Choosing a Mouthguard

Players with braces are advised to use a different mouthguard from the type used by athletes without braces. This is because throughout the orthodontic treatment process, the teeth continue to shift into their preferred position, meaning a conventional ‘boil and bite’ mouthguard might not be as effective after a few uses. To remedy this, orthodontists can design a special mouthguard to cater to any movement.

In choosing a mouthguard, a user should opt for one that is comfortable and fits well. It should have adequate thickness, be firm enough to stay fixed even after impact, and allow the opposing jaw’s teeth to come into contact with the biting surface. This aspect is crucial to reduce the risk of jaw fracture.

Mouthguard Care

Maintaining the mouthguard will ensure it can serve its purpose effectively for a long time.

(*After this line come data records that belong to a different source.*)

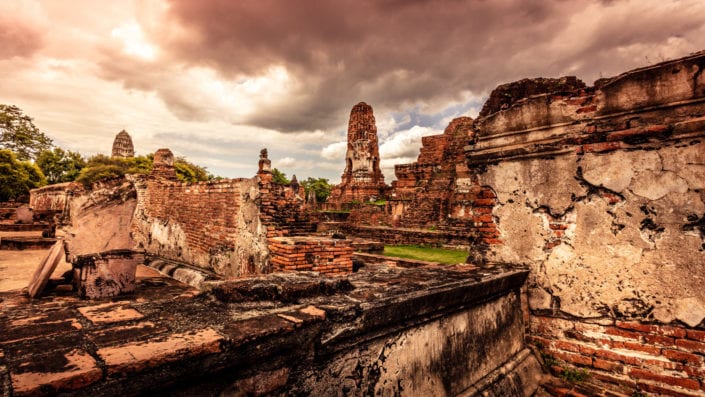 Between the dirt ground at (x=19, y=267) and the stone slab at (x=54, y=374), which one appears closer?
the stone slab at (x=54, y=374)

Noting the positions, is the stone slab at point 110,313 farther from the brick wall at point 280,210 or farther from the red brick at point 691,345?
the red brick at point 691,345

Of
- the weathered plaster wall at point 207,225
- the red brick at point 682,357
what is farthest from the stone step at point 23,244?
the red brick at point 682,357

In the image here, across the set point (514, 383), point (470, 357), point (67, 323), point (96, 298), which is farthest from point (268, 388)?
point (96, 298)

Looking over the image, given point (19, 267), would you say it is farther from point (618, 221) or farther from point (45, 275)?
point (618, 221)

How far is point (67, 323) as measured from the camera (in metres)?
1.42

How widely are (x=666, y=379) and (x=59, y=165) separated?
45.5m

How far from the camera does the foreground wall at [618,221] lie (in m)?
2.37

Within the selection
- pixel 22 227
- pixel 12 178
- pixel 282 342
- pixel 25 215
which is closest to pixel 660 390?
pixel 282 342

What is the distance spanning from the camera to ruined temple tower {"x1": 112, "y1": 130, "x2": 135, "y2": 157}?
161ft

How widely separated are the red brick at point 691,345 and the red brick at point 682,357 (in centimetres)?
4

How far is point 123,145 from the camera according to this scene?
4959 cm

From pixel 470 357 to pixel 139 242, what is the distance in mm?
9006

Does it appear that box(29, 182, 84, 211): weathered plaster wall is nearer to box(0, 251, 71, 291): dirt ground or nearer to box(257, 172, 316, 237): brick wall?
box(0, 251, 71, 291): dirt ground

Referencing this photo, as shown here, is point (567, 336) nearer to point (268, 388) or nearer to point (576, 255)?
point (576, 255) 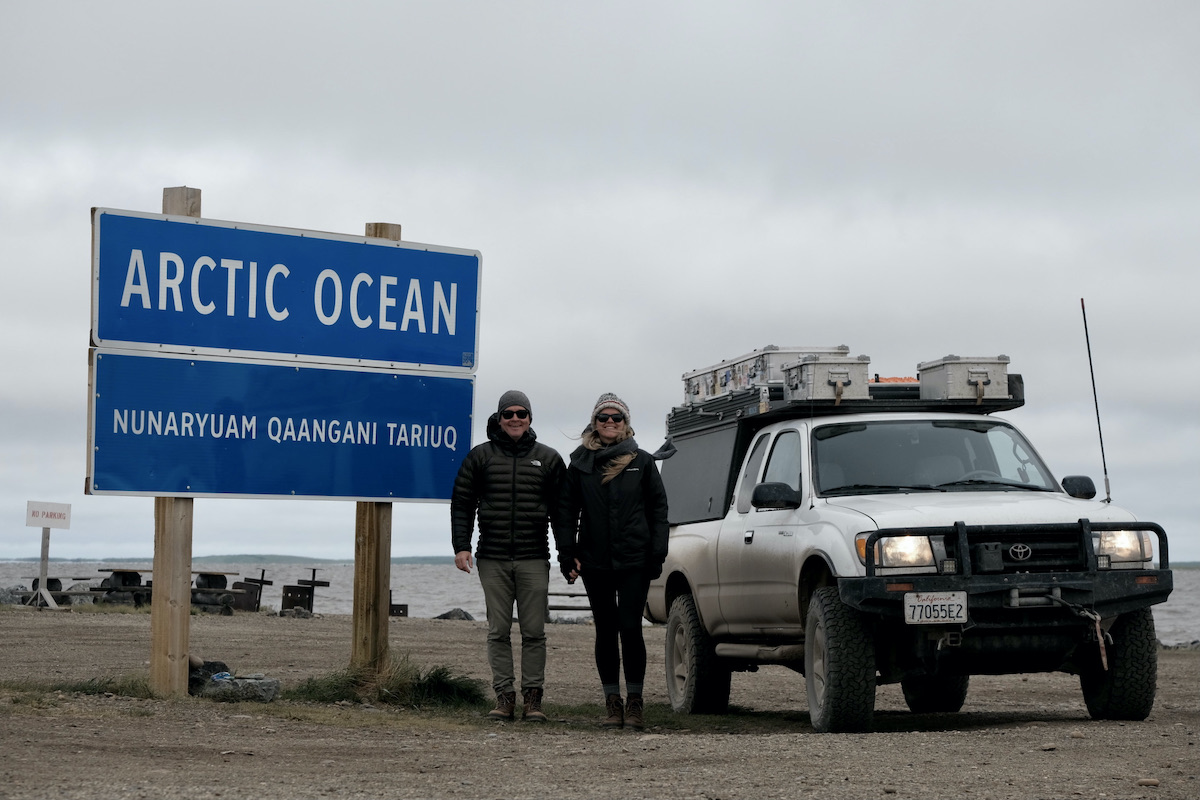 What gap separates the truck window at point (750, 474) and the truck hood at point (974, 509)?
48.2 inches

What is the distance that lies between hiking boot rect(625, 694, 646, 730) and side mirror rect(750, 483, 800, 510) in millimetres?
1477

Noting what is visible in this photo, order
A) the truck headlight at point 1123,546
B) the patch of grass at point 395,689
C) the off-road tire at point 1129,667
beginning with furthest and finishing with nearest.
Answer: the patch of grass at point 395,689 < the off-road tire at point 1129,667 < the truck headlight at point 1123,546

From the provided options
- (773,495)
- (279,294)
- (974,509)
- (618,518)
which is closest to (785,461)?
(773,495)

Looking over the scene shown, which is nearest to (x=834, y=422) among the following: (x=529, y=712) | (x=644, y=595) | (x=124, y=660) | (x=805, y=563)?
(x=805, y=563)

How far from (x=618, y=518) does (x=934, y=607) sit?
2.13 meters

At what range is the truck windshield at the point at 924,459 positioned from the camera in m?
9.53

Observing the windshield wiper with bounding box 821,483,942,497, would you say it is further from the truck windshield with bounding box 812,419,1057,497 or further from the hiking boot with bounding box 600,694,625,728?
the hiking boot with bounding box 600,694,625,728

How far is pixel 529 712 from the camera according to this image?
32.1 ft

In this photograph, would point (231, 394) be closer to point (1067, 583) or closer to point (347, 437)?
point (347, 437)

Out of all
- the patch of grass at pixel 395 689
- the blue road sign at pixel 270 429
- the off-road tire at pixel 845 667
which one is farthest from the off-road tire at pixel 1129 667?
the blue road sign at pixel 270 429

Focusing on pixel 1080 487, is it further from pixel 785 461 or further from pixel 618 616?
pixel 618 616

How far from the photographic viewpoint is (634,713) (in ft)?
31.2

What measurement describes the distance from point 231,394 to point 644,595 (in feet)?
10.1

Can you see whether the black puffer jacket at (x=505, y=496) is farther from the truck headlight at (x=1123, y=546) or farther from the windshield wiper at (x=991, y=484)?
the truck headlight at (x=1123, y=546) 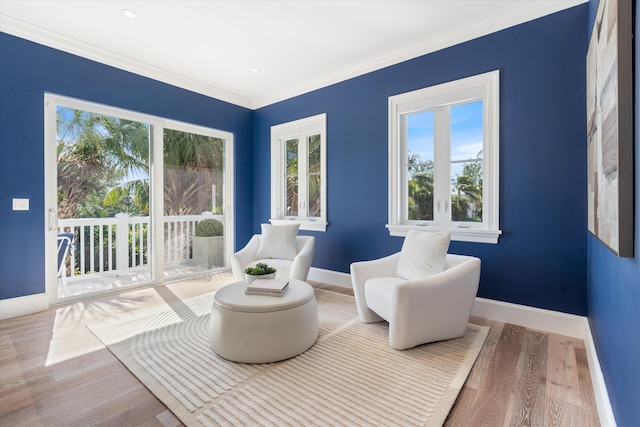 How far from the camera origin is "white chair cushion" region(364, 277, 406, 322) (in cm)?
239

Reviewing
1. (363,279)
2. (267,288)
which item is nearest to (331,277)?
(363,279)

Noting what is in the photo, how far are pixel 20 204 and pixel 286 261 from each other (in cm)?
268

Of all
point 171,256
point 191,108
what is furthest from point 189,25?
point 171,256

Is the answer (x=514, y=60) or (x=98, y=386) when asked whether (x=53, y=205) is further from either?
(x=514, y=60)

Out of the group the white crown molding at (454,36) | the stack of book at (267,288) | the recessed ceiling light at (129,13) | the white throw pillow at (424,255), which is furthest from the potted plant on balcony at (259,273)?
the white crown molding at (454,36)

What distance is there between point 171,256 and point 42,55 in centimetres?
264

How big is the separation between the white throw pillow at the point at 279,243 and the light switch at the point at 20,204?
2338 millimetres

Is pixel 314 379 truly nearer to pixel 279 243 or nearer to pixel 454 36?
pixel 279 243

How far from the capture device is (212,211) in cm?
477

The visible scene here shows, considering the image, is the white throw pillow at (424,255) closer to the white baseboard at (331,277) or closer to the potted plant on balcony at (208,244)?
the white baseboard at (331,277)

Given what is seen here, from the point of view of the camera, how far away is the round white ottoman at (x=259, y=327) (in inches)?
79.0

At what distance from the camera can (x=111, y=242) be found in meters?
3.87

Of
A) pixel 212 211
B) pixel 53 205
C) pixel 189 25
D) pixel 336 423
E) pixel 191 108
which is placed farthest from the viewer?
pixel 212 211

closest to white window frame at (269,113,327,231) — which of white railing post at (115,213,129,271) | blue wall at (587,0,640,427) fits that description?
white railing post at (115,213,129,271) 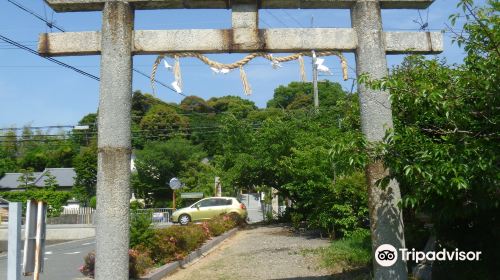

Rinsing with mouthwash or cold water before and after use is recommended, as is cleaning it using a toothbrush. Occasionally, washing the mouthguard with cool soapy water is recommended, provided that it is rinsed thoroughly. Storing the mouthguard in a perforated container will ensure air circulates through while preventing damage.

With good care, a mouthguard should be usable for a while. However, they are prone to wear and tear, so regular inspection of the biting surface and edges can determine the appropriate time to purchase a new one. Checking the fit is also vital, especially among players who also have orthodontic braces beneath their mouthguard.